Nei decenni trascorsi dall’assassinio del procuratore, infatti, emersero di tanto in tanto risultanze sull’omicidio Caccia in altre sedi, ma – ha sostenuto Repici – “Mai nessuno si era preso l’onere di raccoglierle, di metterle insieme. Erano rimaste come detriti da non utilizzare in altre sedi processuali. Noi riteniamo che questa sia la sede nella quale tutte le risultanze devono essere portate in una istruttoria dibattimentale, perché la Corte possa emettere nei confronti dell’odierno imputato una sentenza avendo il quadro più completo e chiaro possibile”.

Eppure per il pubblico ministero dell’attuale processo per l’omicidio Caccia questi temi “non sembrano essere rilevanti per la posizione dell’imputato Rocco Schirripa, perché è un tema che riguarda la causale, è un tema che riguarda Domenico Belfiore” e perché “questo è un processo che riguarda una singola persona fisica, Rocco Schirripa, accusato di essere uno degli esecutori materiali.

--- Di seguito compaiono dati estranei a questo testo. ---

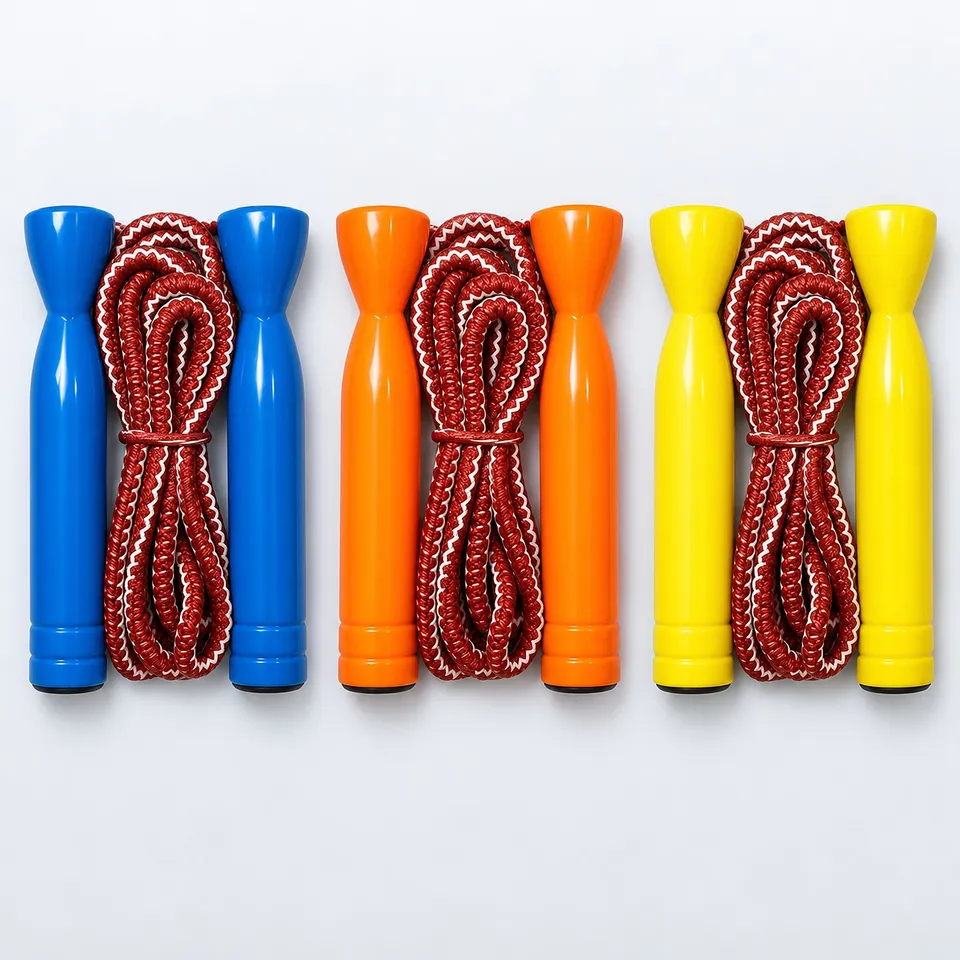 RS skipping ropes in blue, orange and yellow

Una sentenza definitiva ha già accertato che Domenico Belfiore era l’organizzatore e una sentenza definitiva ha già stabilito anche le causali dell’omicidio”.

Capire i moventi, riempire le lacune e correggere le inesattezze, se ve ne furono, del primo processo, quindi, sembra non essere importante per il dibattimento in corso a Milano, nonostante esso tratti un omicidio fondamentale per la storia italiana, nonostante esso processi l’attuale imputato per un reato commesso “in concorso con” il mandante imputato e condannato nel primo processo. Per il pubblico ministero c’è un diritto superiore: “Il diritto dell’imputato di avere un processo in tempi rapidi”. Come se le garanzie da assicurare all’imputato circa la ragionevole durata del processo debbano essere in contrapposizione all’acquisizione degli elementi necessari per ricostruire il quadro dei moventi del delitto.

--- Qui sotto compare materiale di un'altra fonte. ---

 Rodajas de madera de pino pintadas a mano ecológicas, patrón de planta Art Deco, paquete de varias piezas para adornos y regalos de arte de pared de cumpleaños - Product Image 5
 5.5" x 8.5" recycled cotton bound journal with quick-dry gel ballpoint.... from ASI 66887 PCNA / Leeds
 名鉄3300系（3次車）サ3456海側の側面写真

Elementi che, a quanto pare, sembrano essere non così irrilevanti se un collega di Bruno Caccia, il dottor Francesco Saluzzo, attuale Procuratore generale di Torino, non più tardi dello scorso 28 giugno (come riportato da Ansa e Repubblica), disse pubblicamente che uccisero Caccia “mentre aggrediva un tessuto criminale insidiosissimo, contro il quale non si era fatto nulla per tanti anni. Oggi si sente dire che di ‘ndrangheta in Piemonte non si è mai parlato, ma non è vero: i processi ai suoi protagonisti, così come le indagini su quello che fu il ‘patto di sangue’ tra calabresi e catanesi, li facevamo già alla fine degli anni Settanta”, arrivando a citare anche quegli “ambienti che prosperavano vicino alla procura, con la complicità o la non opposizione di magistrati opachi per non dire di peggio”.

Forse è per questo che Paola Caccia avrebbe voluto che questo processo si svolgesse in una pubblica piazza. Perché, allo stato degli atti, solo in quel contesto sembrerebbe possibile avere speranza di ricostruire un quadro tanto necessario quanto, dopo 33 anni, anche dovuto.